Indeed if Najib is serious about tackling graft within BN, he should have take corrupt politicians like Sarawak’s chief minister Taib Mahmud to task.
A BN scam
It is obvious that Najib’s candidate-vetting idea is a scam out to trick the rakyat into trusting BN.
Had it not been a sham, the premier’s battle against corruption would have been consistent which is not so with Najib.
He was tongue-tied when Shahrizat Abdul Jalil was implicated in the embezzlement of the RM250 million government loan meant for the cattle rearing project.
Likewise, he was ‘at loss for words’ when his aide and that of deputy PM Muhyiddin Yassin’s were ‘bought’ over by a businessman to get contracts from the BN government and its agencies.
Then there was deputy finance minister, Awang Adek Hussin, who had been receiving ‘contributions’ which he claimed were for the people of Bachok where he is the Umno division chief – the problem was that the funds were being channelled into Awang’s private account.
Najib is also indifferent as to how a burger-seller-turned politician could so quickly save up to buy a Rolls Royce, as was the case with Zamil Ibrahim, the former Kita Kedah chief.
Is the premier cool about this because Zamil is BN’s de facto ‘broker’ indulging in MP-buying activities to ensure the party wins the 13th general election?
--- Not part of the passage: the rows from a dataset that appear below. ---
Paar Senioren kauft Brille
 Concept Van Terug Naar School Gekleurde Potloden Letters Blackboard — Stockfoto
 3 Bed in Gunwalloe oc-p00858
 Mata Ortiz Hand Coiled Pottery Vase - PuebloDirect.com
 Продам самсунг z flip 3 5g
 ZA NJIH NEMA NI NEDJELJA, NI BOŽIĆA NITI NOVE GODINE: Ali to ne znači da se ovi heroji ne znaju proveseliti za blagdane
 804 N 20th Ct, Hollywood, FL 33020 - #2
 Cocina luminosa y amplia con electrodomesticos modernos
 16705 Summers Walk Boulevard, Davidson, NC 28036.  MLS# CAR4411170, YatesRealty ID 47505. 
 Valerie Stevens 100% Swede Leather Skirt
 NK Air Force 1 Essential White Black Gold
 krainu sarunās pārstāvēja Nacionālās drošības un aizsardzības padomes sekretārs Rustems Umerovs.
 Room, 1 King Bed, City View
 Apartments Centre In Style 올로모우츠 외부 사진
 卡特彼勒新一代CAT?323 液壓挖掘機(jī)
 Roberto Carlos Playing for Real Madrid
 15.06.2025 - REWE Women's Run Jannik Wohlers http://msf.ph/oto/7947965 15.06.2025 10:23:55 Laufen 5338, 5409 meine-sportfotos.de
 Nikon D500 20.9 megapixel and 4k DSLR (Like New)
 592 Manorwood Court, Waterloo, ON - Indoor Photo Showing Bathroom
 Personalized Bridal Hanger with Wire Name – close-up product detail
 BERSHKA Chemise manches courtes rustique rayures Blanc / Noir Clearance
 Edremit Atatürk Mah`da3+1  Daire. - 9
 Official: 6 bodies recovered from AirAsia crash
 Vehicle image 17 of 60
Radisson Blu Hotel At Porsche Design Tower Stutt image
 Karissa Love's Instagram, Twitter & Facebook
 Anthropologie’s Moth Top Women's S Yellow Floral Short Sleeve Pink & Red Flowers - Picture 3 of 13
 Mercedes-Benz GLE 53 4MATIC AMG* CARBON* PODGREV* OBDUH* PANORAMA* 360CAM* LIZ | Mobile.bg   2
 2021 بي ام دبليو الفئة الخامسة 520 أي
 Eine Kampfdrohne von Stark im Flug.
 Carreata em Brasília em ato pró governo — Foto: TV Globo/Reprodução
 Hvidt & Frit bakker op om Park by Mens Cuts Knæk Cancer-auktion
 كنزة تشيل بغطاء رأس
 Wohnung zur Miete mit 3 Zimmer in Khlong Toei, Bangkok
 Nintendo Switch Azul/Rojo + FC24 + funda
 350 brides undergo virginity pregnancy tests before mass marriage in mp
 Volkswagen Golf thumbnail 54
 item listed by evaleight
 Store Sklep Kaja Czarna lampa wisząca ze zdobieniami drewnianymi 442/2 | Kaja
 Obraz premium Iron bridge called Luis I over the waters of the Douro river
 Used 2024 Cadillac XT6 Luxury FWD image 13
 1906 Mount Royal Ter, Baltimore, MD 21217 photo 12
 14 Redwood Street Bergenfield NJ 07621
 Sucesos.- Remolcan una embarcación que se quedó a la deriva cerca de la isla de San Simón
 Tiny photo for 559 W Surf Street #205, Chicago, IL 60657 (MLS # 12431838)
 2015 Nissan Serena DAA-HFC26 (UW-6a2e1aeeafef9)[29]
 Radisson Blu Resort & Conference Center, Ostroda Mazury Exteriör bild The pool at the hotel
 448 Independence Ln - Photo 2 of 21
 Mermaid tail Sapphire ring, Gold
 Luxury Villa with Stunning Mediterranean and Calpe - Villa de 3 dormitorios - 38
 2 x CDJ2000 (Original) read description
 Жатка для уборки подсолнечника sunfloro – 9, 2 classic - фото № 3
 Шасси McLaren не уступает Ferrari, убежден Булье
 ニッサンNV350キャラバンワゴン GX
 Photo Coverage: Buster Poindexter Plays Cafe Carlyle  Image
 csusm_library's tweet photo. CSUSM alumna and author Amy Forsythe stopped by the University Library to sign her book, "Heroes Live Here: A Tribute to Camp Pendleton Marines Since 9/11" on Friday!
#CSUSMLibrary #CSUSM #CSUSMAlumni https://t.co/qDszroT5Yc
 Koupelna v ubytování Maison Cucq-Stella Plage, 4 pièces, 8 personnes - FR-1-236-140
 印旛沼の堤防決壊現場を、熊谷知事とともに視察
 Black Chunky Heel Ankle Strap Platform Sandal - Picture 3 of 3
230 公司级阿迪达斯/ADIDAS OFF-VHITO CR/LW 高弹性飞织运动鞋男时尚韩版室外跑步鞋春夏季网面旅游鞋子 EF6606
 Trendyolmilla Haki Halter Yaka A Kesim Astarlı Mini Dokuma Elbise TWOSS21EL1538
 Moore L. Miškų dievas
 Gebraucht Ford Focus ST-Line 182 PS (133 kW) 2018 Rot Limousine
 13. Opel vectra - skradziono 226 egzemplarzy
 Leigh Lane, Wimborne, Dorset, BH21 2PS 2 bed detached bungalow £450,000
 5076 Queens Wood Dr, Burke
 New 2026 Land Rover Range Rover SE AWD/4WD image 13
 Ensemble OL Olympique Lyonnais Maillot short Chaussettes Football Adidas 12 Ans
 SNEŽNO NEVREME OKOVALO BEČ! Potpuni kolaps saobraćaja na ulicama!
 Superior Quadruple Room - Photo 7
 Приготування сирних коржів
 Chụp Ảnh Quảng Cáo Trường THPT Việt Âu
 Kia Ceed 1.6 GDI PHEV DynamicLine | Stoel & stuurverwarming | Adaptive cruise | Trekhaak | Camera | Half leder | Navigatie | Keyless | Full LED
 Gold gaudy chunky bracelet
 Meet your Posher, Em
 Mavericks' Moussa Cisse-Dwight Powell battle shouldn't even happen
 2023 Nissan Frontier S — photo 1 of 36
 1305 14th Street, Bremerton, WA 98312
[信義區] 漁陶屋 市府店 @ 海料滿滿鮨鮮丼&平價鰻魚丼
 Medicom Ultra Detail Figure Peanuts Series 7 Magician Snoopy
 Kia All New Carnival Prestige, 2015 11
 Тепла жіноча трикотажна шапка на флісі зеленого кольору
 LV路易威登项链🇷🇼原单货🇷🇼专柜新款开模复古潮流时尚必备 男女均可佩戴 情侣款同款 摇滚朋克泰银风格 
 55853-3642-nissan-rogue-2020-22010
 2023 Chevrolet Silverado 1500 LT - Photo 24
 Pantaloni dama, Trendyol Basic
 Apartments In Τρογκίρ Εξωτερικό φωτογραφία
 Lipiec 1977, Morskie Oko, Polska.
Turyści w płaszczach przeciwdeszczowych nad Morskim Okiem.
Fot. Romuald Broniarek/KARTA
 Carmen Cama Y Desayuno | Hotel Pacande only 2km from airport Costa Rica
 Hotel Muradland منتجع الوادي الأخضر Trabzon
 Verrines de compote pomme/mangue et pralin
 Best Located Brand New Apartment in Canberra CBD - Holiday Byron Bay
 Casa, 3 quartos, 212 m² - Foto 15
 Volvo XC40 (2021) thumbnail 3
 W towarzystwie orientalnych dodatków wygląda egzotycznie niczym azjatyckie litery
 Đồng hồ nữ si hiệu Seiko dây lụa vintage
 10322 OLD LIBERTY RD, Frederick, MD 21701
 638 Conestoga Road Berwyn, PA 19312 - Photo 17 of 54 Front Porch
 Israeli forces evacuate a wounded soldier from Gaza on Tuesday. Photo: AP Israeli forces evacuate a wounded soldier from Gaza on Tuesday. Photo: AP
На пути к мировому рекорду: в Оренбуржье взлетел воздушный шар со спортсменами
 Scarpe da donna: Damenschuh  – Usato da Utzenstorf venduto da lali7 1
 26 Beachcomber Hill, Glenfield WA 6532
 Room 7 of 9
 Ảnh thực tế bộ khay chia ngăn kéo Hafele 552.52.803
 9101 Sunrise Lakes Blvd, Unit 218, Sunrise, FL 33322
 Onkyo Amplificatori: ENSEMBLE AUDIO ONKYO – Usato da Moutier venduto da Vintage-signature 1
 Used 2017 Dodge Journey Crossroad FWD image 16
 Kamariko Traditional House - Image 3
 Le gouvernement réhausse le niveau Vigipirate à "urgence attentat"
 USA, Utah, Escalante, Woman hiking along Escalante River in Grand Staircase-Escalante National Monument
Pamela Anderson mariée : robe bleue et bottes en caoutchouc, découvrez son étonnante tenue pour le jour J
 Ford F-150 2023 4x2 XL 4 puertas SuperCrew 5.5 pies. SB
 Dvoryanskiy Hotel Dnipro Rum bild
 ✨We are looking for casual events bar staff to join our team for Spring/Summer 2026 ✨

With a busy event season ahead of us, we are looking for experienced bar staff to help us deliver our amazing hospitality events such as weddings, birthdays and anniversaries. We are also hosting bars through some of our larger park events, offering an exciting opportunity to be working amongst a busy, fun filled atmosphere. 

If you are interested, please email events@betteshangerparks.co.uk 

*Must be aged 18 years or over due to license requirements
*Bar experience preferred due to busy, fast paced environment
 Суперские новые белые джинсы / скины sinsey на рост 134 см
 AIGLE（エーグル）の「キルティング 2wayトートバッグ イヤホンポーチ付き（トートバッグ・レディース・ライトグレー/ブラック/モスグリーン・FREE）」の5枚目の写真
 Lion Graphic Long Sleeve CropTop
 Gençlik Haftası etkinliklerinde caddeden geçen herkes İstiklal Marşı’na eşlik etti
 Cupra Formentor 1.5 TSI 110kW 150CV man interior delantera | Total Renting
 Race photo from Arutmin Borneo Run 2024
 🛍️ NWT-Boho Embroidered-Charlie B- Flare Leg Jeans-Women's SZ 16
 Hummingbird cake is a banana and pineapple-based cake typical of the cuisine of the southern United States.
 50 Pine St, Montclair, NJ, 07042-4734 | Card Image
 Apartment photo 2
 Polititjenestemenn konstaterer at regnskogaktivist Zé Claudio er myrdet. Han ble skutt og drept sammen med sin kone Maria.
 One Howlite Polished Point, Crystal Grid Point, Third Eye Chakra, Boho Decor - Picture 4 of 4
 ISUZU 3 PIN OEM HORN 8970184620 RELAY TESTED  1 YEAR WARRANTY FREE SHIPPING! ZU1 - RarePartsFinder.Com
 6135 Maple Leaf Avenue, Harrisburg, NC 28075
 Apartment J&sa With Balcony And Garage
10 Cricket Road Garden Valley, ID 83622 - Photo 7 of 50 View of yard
Let us not forget timber tycoon Michael Chia’s RM40 million ‘contribution’ to Sabah Umno or the fact that Najib squandered US$26,000 for a banquet to celebrate his 58th birthday last year or that he dabbled in ‘dealings’ with carpet seller Deepak Jaikishan.
The list can go on. The point is, instead of bluffing the rakyat time and again, the prime minister should have cleaned up his act and made the effort to weed out the existing corrupted politicians.
But then why would Najib bother when he is part of the gang i.e. one of the bad boys?
Jeswan Kaur is a freelance writer and a FMT columnist.